The study has put a great stride to find out the factors that ultimately influence or affect the rural consumers in Bangladesh while purchasing the Fast Moving Consumer Goods. Retailers’ recommendations, Sales promotion, Media advertisement, Product attributes, Life style, Brand loyalty, Packaging & family size, Price and Quality have been found as the influencing factors towards the purchase decision of FMCGs in the rural areas. According to the findings of this study it can be inferred that the rural consumers in Bangladesh believe in the information provided by the retailers or shopkeepers. They feel comfort to make their purchase decision according to the retailers’ recommendations. Sales promotions including coupon, discounts or adding new ingredients also motivate the rural consumers of Bangladesh to switch from one brand to another. Television/ radio advertisements or the product endorsements by their favorite celebrity act as great stimuli to affect the purchase decision of any FMCG brands. The rural consumers also consider the products attributes like size, durability and good fragrance as one of the most important factors. Now they link purchase and consumption of FMCG for the improvements in their lifestyles. The study has also proved that product quality is also important to the village consumers like the urban consumers of Bangladesh though the study has failed to reveal some factors like brand awareness, brand preferences and emotional aspect that also affect the rural consumers’ purchase decision. But what identified is obviously not less important.
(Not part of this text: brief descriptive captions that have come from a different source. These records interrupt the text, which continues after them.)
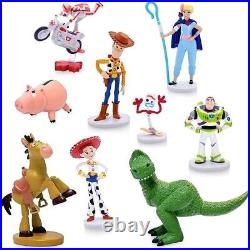 Disney Pixar Toy Story 4 Deluxe Figurine Playset 9 Figure Set Woody Buzz Jessie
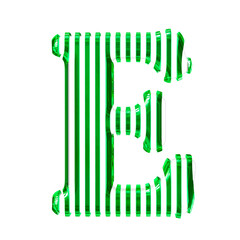 White symbol with green vertical ultra thin straps. letter e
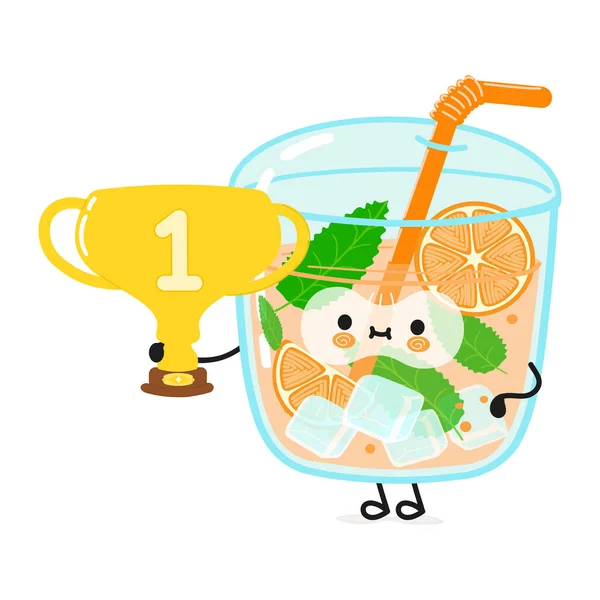 Cute Funny Orange Juice Hold Gold Trophy Cup Vector Hand — Stock Vector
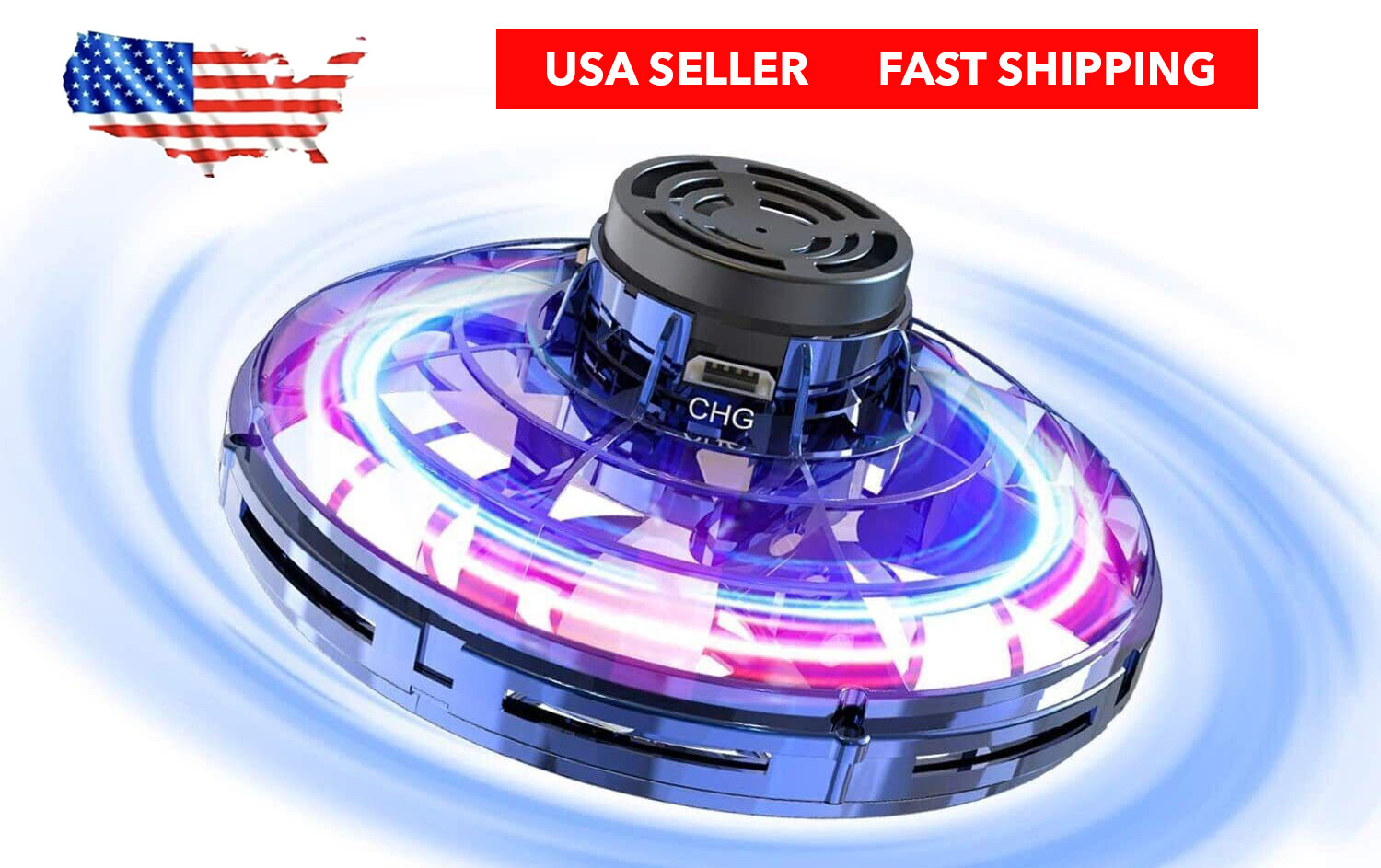 2 Pack Flying Fidget Spinner Drone Ball UFO Stress Focus Hand Fun Toy LED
On the other hand the sample of the study limits the generality of the findings as the rural consumers of Dumuria Upazila are only a subset of the total rural consumers in Bangladesh. So future researches must be conducted with a sample more representatives of entire rural consumers of Bangladesh. However, the findings of this study have a clear implication for the FMCG manufacturing companies because the study outcomes can be essential for the market development or product development or the strategy development in the rural areas of Bangladesh.
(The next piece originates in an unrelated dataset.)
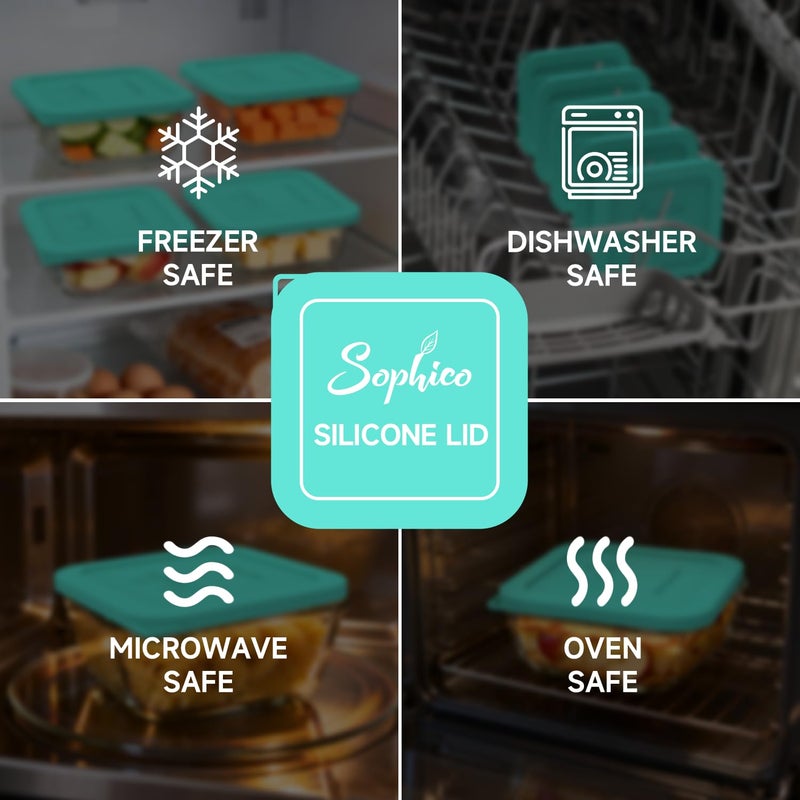 Sophico Silicone Storage Cover Lids Replacement for Pyrex Freshlock and SNAPWARE 4CUP Square Glass Bowls Containers Set(8704), Airtight & Leakproof Lids, Freezer Dishwasher Microwave Safe 5 Pack - Image 5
From the study findings it is conceived that Retailers Recommendations, Sales promotions, Products Attributes, Life Style and Product Quality are the significant factors in explaining the FMCGs purchase decision in the rural areas of Bangladesh. As a result, the manufacturing companies should take different strategies while marketing the products in the rural areas. They should educate the retailers or shopkeepers more as the rural consumers ask retailers recommendations while purchasing any FMCG brands due to their low level of education and brand awareness. Strategically the companies can apply the push strategy by motivating the retailers to convince the rural consumers. They should make the products available to the rural consumers. Sales promotions should be designed in a way that becomes attractive to the rural consumers. Products attributes especially the size of the products should be given priority due to the rural consumers’ less affordability to purchase big sized products given that few rural consumers have started linking the product usage to the improvements of their life style. Further product quality must be ensured though most of the rural consumers are ignorant of product quality, even are not aware of product information.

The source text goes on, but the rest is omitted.